Exercise description :: Beginning with the top line of the listing below, give again every line up to and including the line with "超强抗污易清洁 桌底宽敞收纳自如 1.4米餐桌"; pictures do not belong in the copy.
______
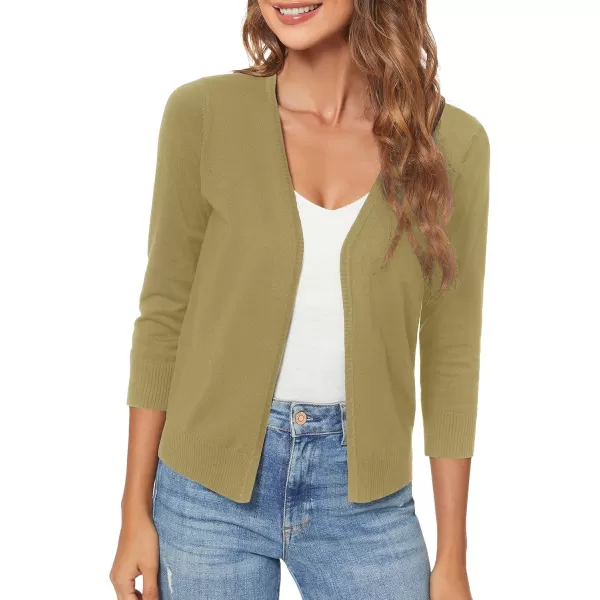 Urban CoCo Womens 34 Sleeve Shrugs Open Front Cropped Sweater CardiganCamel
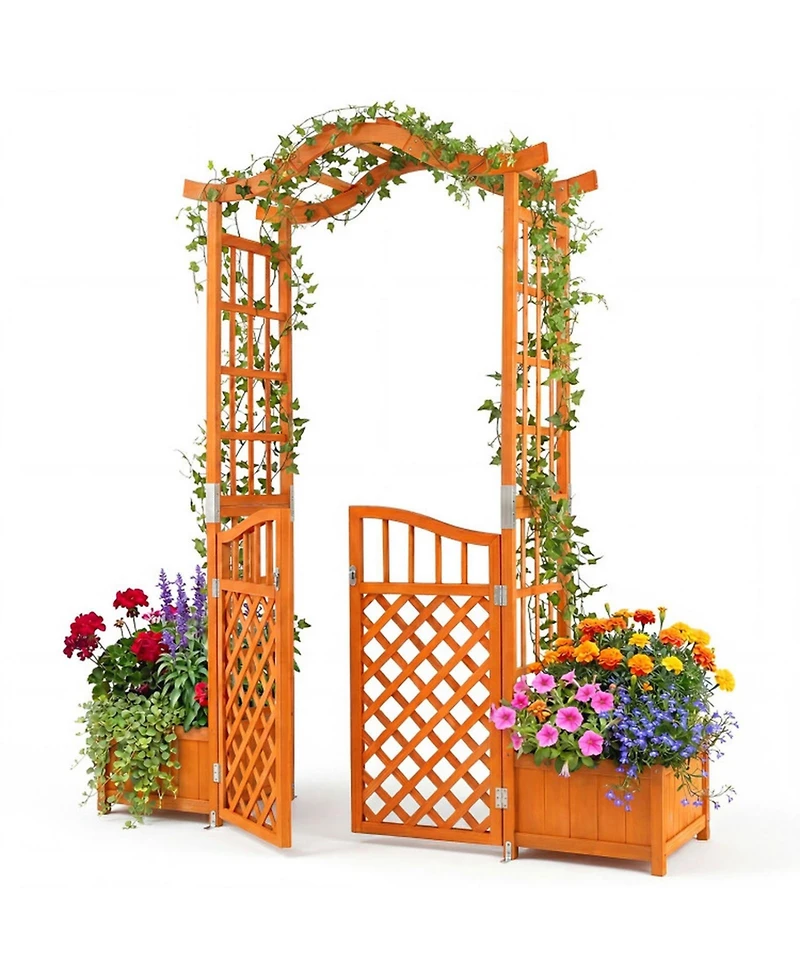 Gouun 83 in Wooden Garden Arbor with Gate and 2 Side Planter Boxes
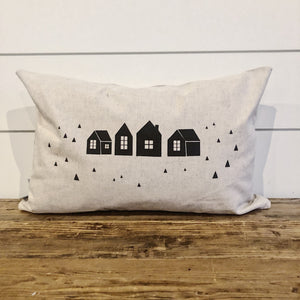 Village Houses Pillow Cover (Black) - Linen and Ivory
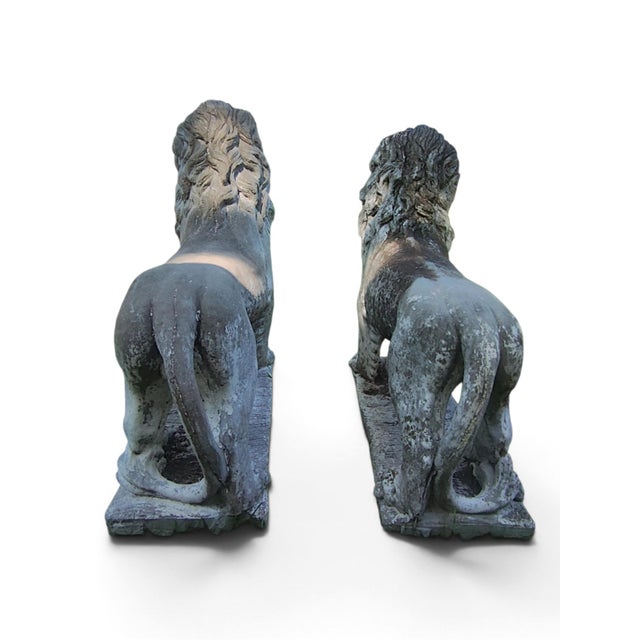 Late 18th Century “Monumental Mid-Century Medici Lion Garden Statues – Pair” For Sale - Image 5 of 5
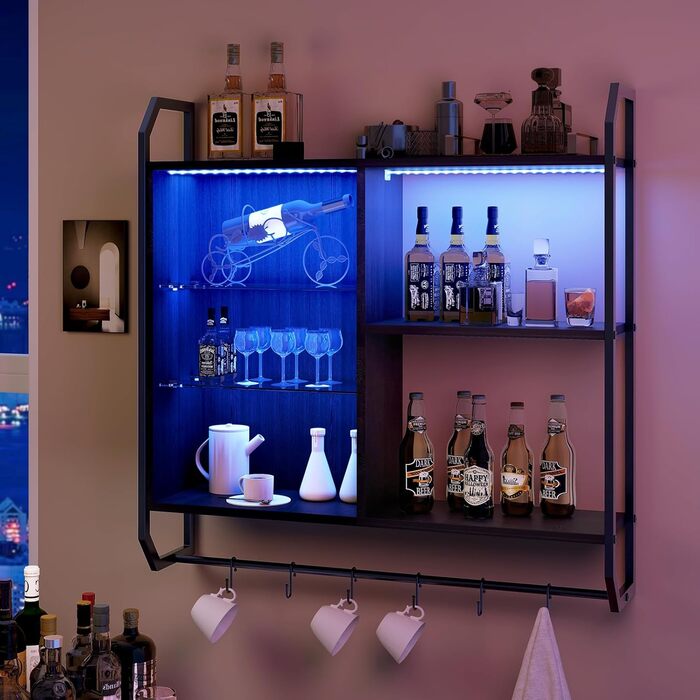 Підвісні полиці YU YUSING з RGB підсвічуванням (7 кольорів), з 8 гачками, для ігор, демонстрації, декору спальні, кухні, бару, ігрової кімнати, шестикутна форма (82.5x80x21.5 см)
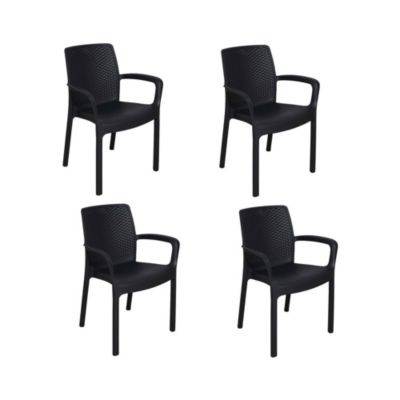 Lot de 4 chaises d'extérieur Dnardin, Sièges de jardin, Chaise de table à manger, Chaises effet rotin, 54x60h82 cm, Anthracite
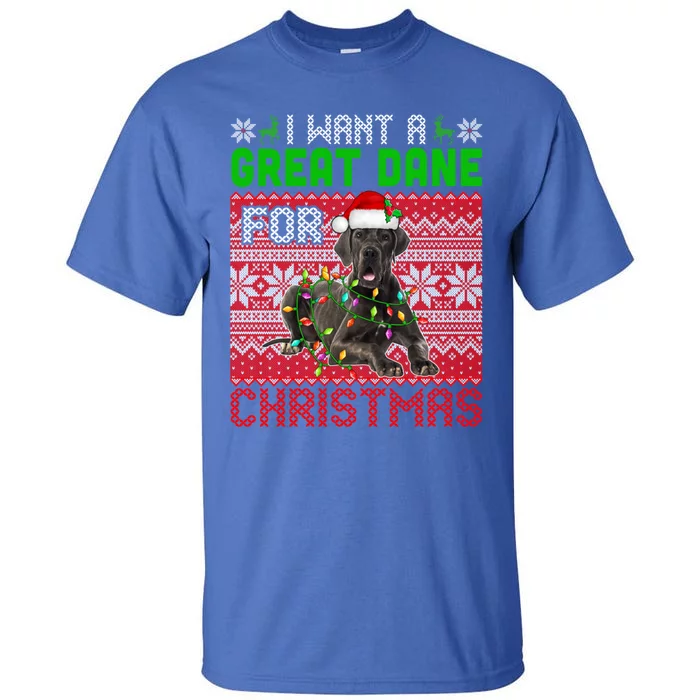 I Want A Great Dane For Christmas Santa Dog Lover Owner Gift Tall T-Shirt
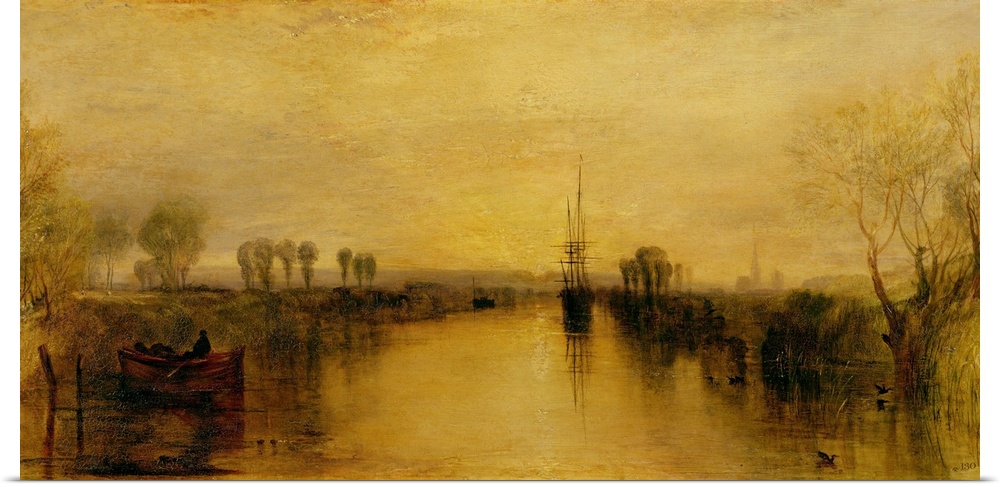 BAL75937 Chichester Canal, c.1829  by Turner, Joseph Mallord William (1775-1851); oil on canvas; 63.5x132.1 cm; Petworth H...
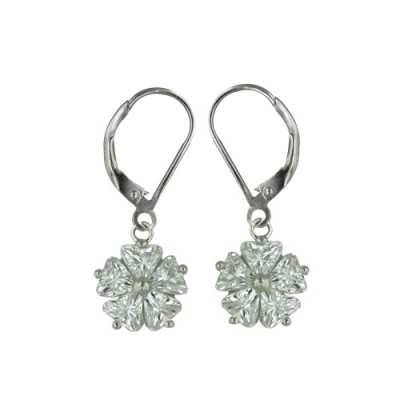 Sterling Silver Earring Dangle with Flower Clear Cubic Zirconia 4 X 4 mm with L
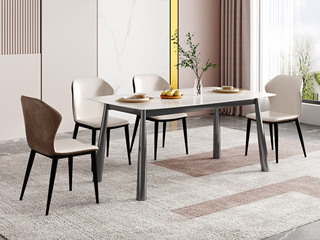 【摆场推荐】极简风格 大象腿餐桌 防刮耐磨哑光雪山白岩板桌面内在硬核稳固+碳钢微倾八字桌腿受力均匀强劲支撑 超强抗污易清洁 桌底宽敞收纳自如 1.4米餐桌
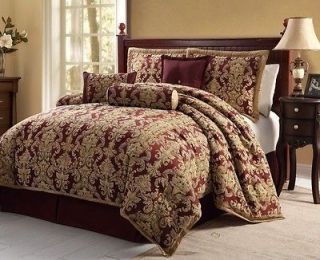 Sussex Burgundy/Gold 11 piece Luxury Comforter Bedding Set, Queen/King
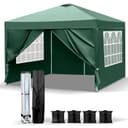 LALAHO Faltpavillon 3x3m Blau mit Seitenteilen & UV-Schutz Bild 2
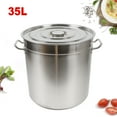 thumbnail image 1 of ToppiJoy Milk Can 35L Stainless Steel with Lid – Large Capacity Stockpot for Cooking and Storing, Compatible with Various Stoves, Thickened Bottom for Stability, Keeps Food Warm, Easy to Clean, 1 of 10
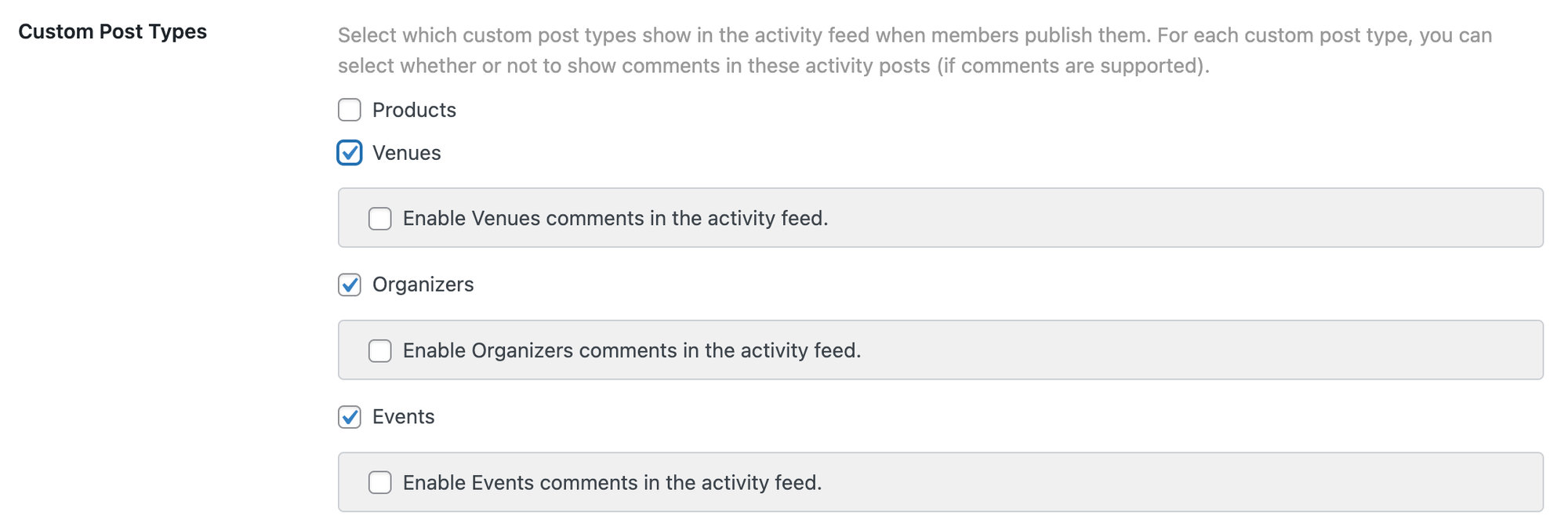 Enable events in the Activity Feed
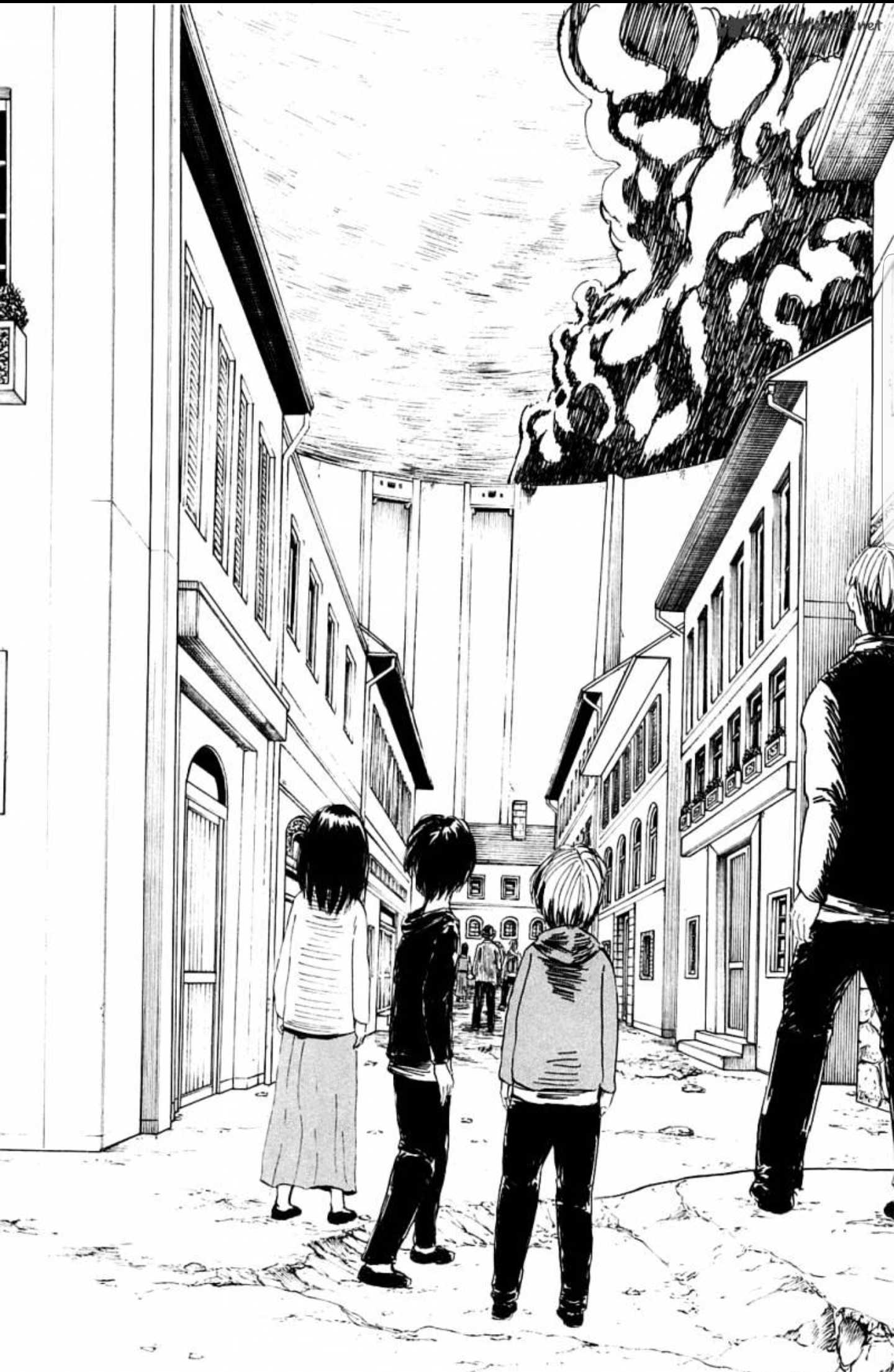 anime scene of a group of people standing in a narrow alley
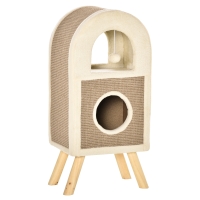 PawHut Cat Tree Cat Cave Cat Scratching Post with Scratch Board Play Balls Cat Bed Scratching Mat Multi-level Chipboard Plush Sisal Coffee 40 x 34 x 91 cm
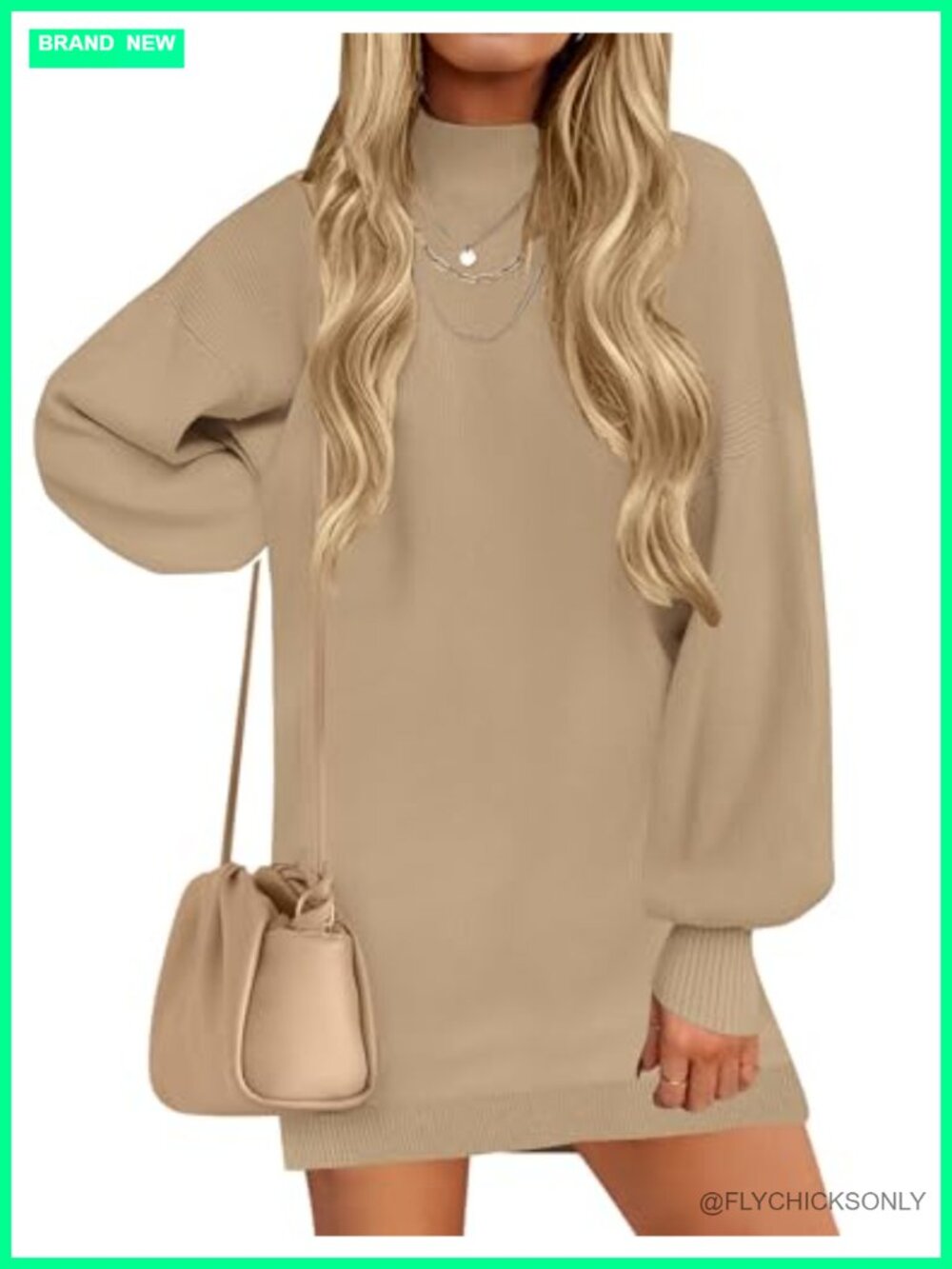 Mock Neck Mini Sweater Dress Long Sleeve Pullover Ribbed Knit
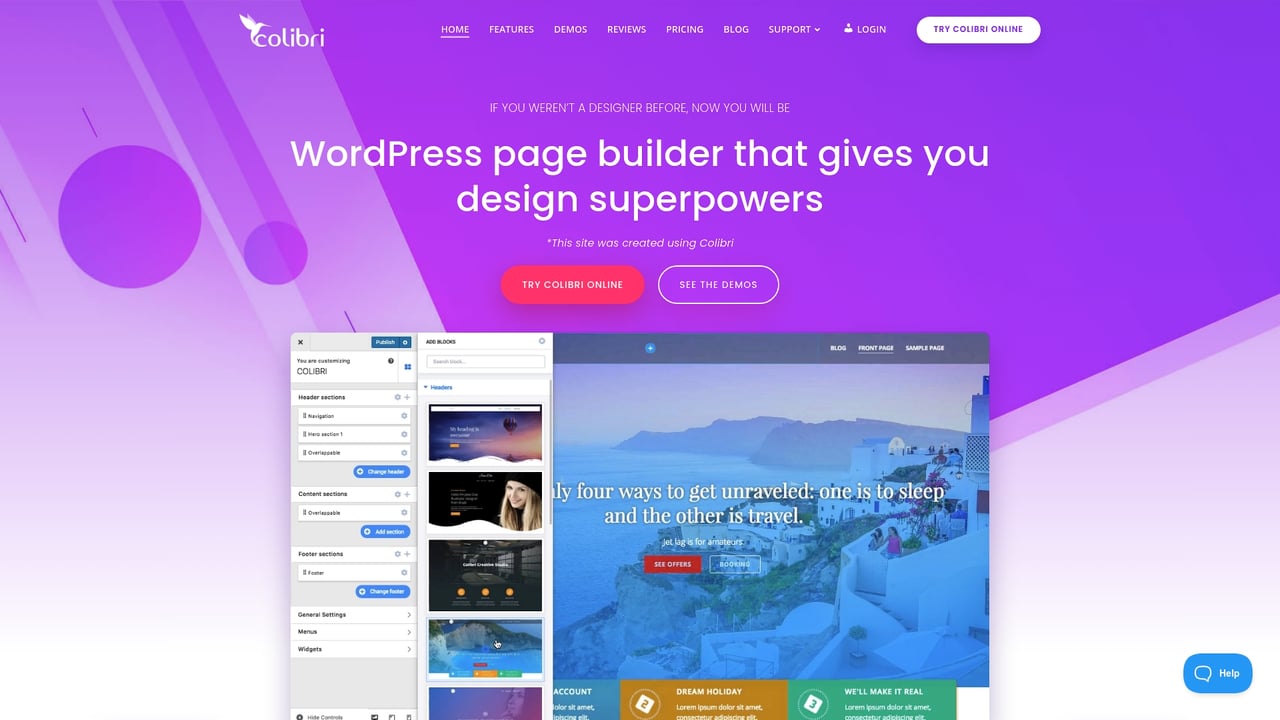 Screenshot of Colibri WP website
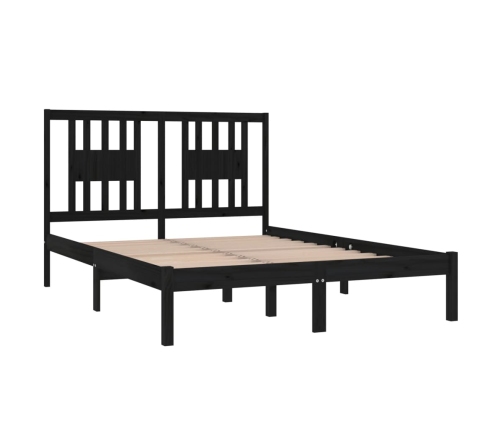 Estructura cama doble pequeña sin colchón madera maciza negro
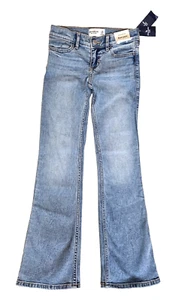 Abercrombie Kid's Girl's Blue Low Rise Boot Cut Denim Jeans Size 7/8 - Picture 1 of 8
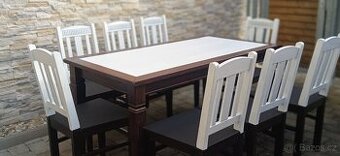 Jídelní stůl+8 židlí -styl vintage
______
Final answer ::
 Urban CoCo Womens 34 Sleeve Shrugs Open Front Cropped Sweater CardiganCamel
 Gouun 83 in Wooden Garden Arbor with Gate and 2 Side Planter Boxes
 Village Houses Pillow Cover (Black) - Linen and Ivory
 Late 18th Century “Monumental Mid-Century Medici Lion Garden Statues – Pair” For Sale - Image 5 of 5
 Підвісні полиці YU YUSING з RGB підсвічуванням (7 кольорів), з 8 гачками, для ігор, демонстрації, декору спальні, кухні, бару, ігрової кімнати, шестикутна форма (82.5x80x21.5 см)
 Lot de 4 chaises d'extérieur Dnardin, Sièges de jardin, Chaise de table à manger, Chaises effet rotin, 54x60h82 cm, Anthracite
 I Want A Great Dane For Christmas Santa Dog Lover Owner Gift Tall T-Shirt
 BAL75937 Chichester Canal, c.1829  by Turner, Joseph Mallord William (1775-1851); oil on canvas; 63.5x132.1 cm; Petworth H...
 Sterling Silver Earring Dangle with Flower Clear Cubic Zirconia 4 X 4 mm with L
 【摆场推荐】极简风格 大象腿餐桌 防刮耐磨哑光雪山白岩板桌面内在硬核稳固+碳钢微倾八字桌腿受力均匀强劲支撑 超强抗污易清洁 桌底宽敞收纳自如 1.4米餐桌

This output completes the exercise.